While some people in his position chose to stay in the West,  Krylov returned to Russia in 1928.  It may be that he intended it as a trip, and as later his son-in-law Pyotr Kapitsa, was not allowed to leave. 

Krylov did not participate as an entrepreneur in the NEP economic revival, which terminated in arrests and executions of many businessmen.

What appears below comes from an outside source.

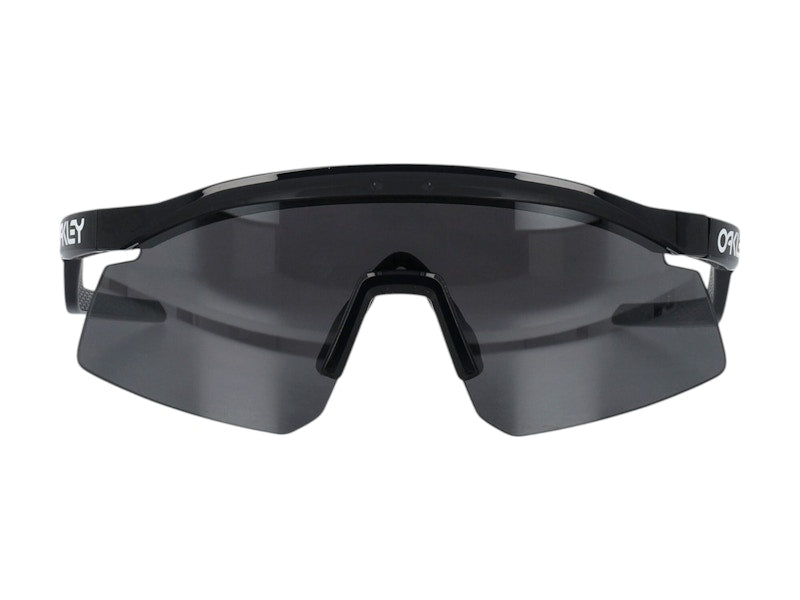 Oakley Hydra Sunglasses Black Ink (OO9229-01)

 3.   Great Purge 1934-1940  

In 1934, Krylov was seventy years old and formally retired from the Navy. He continued to teach, consult, and publish scientific papers.  His son-in-law, Pyotr Kapitsa, was a prominent scientist, apparently under personal protection of Statin. Andrey Kapitsa writes, 
Indeed, it is a mystery why no members of the Krylov family and our family suffered during the repression ... My father, Pyotr Kapitsa, once quarreled with the all-powerful Beria and wrote sharp letters to Stalin. However, other than being removed from his positions in 1946, nothing happened to him. Andrey Khrulev (chief of the country rear services during World War II) told my father, after Stalin died, how he was present when Beria was demanding the arrest of Pyotr Kapitsa, to which Stalin replied, “I removed him for you, and you do not touch him for me.” It was as if an umbrella of safety was protecting our family and those around us.

Krylov’s age, reputation, and connection to Kapitsa probably protected him during that period.


Germany invaded the Soviet Union in 1941. Krylov died in 1945.